→ **Supplied entries**
•••

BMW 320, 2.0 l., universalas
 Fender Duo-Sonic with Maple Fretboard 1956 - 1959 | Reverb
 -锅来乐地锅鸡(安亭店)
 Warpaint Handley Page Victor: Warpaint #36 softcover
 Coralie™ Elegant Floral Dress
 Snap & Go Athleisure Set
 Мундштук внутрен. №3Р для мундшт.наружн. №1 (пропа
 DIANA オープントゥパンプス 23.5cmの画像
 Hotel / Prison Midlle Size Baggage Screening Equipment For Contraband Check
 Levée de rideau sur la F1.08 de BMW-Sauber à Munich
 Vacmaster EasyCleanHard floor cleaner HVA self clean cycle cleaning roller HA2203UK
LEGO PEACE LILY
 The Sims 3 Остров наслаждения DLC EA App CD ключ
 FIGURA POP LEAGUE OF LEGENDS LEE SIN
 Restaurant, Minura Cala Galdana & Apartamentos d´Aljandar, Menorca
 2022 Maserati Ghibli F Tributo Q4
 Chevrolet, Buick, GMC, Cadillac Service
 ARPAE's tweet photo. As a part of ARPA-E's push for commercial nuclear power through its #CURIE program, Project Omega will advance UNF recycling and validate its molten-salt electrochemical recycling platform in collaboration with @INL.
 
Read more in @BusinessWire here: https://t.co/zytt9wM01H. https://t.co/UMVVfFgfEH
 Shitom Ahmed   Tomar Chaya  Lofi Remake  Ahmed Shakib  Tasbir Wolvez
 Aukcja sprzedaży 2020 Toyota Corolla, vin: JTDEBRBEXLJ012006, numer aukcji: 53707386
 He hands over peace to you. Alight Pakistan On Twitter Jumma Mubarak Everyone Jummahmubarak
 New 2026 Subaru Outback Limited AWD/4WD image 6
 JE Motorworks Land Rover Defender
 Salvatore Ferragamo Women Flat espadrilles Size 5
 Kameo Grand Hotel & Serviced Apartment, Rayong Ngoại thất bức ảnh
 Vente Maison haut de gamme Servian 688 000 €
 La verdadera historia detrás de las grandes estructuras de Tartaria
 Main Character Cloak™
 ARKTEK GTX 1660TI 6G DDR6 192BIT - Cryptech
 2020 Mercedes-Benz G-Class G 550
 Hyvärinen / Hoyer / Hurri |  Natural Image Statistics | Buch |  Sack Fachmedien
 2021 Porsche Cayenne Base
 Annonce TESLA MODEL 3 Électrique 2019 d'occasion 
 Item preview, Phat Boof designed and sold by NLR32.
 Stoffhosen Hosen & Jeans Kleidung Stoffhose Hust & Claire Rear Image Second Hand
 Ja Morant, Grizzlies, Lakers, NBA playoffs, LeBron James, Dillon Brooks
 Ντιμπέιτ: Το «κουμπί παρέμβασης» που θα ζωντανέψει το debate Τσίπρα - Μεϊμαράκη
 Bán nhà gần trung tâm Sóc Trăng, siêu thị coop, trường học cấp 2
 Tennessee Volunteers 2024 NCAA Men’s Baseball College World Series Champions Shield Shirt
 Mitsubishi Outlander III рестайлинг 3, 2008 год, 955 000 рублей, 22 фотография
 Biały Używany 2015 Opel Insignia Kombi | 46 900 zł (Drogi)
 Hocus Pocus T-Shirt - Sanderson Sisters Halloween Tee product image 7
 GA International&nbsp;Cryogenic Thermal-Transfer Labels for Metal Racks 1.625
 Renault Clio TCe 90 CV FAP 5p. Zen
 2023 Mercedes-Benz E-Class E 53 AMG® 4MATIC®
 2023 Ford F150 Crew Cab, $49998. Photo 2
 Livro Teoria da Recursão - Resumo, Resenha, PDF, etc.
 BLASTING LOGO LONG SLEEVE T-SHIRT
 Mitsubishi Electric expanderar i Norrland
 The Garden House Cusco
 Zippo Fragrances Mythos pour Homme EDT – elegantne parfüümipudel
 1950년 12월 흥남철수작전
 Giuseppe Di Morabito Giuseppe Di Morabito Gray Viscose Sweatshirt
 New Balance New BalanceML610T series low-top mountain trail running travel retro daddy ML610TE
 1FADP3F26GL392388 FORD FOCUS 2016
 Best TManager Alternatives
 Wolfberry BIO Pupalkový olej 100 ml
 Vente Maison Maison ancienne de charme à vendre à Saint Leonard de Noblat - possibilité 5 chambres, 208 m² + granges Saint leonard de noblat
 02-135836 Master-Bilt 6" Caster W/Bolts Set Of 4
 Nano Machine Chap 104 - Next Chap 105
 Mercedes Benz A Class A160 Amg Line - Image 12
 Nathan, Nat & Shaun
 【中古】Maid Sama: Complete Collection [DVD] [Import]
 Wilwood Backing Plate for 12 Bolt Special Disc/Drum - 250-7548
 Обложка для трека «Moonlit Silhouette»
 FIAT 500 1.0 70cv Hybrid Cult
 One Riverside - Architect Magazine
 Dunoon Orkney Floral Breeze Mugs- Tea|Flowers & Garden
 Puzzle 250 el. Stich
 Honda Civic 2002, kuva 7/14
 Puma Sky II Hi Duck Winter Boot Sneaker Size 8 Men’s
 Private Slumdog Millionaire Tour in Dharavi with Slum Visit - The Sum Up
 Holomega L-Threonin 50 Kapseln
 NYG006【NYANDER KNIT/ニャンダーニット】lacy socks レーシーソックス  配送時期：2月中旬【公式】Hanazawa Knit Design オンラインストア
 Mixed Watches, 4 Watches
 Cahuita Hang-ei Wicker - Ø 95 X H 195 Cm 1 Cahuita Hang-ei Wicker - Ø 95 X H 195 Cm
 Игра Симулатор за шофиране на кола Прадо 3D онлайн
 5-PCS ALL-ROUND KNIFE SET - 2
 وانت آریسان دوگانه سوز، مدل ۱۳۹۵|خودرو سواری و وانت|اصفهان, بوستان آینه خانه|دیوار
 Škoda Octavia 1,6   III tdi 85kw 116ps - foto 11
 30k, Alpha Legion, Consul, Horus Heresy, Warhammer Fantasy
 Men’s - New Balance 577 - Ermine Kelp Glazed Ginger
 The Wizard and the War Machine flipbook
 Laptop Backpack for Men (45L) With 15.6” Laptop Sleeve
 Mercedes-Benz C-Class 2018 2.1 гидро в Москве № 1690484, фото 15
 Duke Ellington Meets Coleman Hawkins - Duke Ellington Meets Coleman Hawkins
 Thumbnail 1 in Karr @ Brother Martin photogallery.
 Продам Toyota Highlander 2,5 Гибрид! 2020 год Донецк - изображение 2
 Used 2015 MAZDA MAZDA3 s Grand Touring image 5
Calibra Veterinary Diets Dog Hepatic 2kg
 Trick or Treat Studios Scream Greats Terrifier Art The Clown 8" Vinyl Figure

•••

Retrieve every line above holding the word "Balance".

→ **Reply to the exercise**
 New Balance New BalanceML610T series low-top mountain trail running travel retro daddy ML610TE
 Men’s - New Balance 577 - Ermine Kelp Glazed Ginger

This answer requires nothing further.